La Nouvelle Conscience, voilà ce qu’elle est ; juste une remise en cause systématique et profonde des choses ; elle tire simplement sa source de l’effectivement vécu constitutif de l’expérience. Lorsque les choses sont toutes simples, nous nous plaisons à leur injecter une bonne dose de complications aux fins d’embrouiller la vérité, avec le dessein inavoué de la détruire en même temps que son promoteur ; faisant, de ce fait, d’une pierre deux coups.
D’aucuns, demi-lettrés certainement, continuent de propager l’idée dans les cercles crédules, que les gens ont faim et que ce n’est certainement pas Nouvelle Conscience qu’ils vont manger. Peut-être devraient-ils finir par comprendre que la Nouvelle Conscience que prône Koupaki n’a jamais prétendu être nourricière par elle-même, et que celui-ci n’a pas encore dévoilé son programme de société qui exposera ce qu’il compte faire pour améliorer le bien-être des citoyens. L’on ne le dira jamais assez, Nouvelle Conscience est une remise en cause de ce que nous avons fait depuis plus d’un demi-siècle, afin de prendre un nouveau départ ; déterminer de nouvelles politiques pour que, justement, les gens puissent manger à leur faim. Lorsque l’on a échoué, l’on se remet en cause ; et lorsque l’on continue de dépendre de l’assistance étrangère que l’on appelle pudiquement coopération, c’est que l’on a échoué sur toute la ligne. Travailler pour que notre pays devienne moins dépendant de l’aide ou qu’il soit reconnu pour la bonne gestion de cette dernière est le pari de Nouvelle Conscience
Dans l’histoire politique des nations, la remise en cause s’est avérée nécessaire et inévitable pour tout peuple qui a voulu faire un bond en avant dans son développement. La France a connu le siècle des Lumières. Ce fut un vaste mouvement intellectuel initié par de grands philosophes, ayant visé à combattre l’obscurantisme et les ténèbres de l’ignorance. La Nouvelle Conscience poursuit le même objectif. Les Etats-Unis ont connu le New deal ; la Chine, sa révolution culturelle ; les japonais, l’ère Meiji ; la Russie, sa Perestroïka et sa Glasnost. Et, pourquoi donc les Béninois, eux aussi, ne pourraient-ils leur emboîter le pas et entrer dans l’histoire ?
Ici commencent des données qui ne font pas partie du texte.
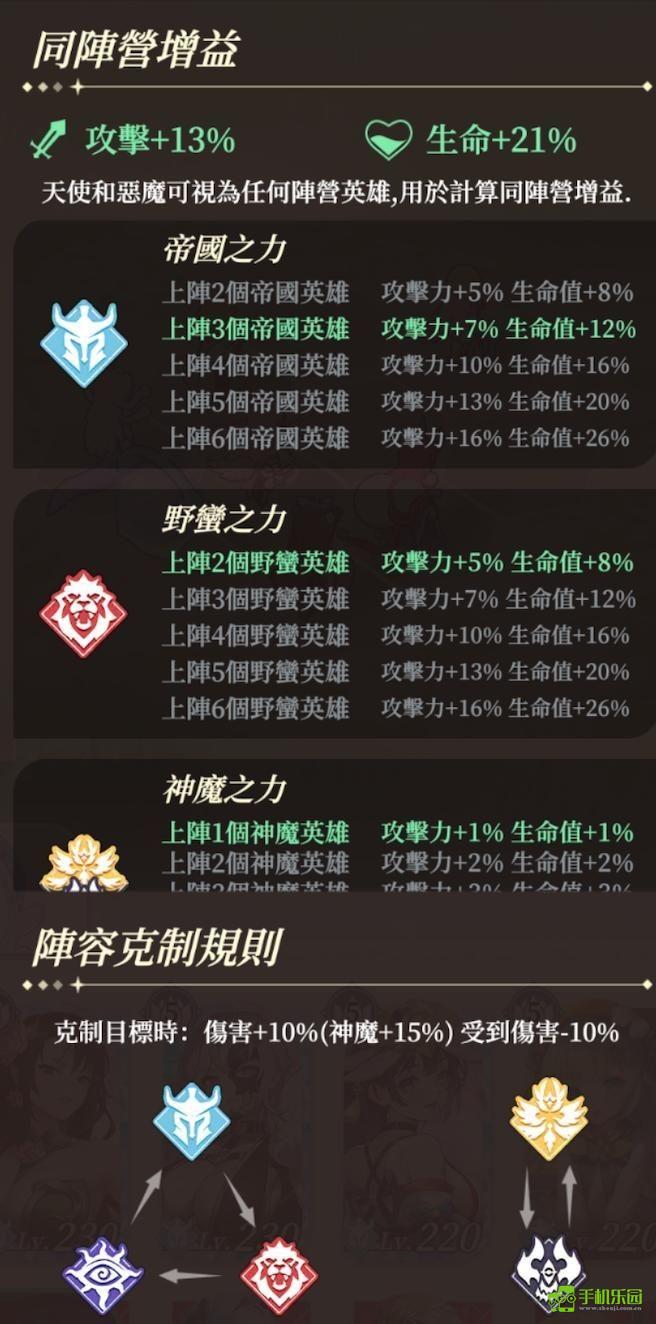 盗梦英雄2幻野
NOUVELLE CONSCIENCE A L’EPREUVE DE L’ELECTION PRESIDENTIELLE
Je sais bien, et il ne serait pas honnête de s’en cacher, que le promoteur de la Nouvelle Conscience sera candidat à la Magistrature Suprême et que l’on pourrait, légitimement, préjuger et redouter qu’il se serve de sa Nouvelle Conscience comme argument principal de campagne. Alors, autant détruire cette philosophie par anticipation quand bien même elle n’est pas partisane, quand bien même elle est de nature citoyenne. Qu’à cela ne tienne et ce serait de bonne guerre, maintenant que les élections sont imminentes et que dans toute campagne électorale, toutes les idées concourant au bien-être des citoyens sont les bienvenues. Bien sûr que lorsque viendra le moment, Koupaki saura intégrer sa philosophie à ses thèmes de campagne ; cela me paraît logique et aller de soi.
En tout état de cause, Nouvelle Conscience n’est pas le programme de société de PIK; elle sera, néanmoins, le principe directeur qui devrait l’inspirer : à savoir la remise en cause de l’existant, précurseur d’une idéologie en bonne et due forme qui sera portée par le langage de l’expérience et, partant, celui de la bonne gouvernance.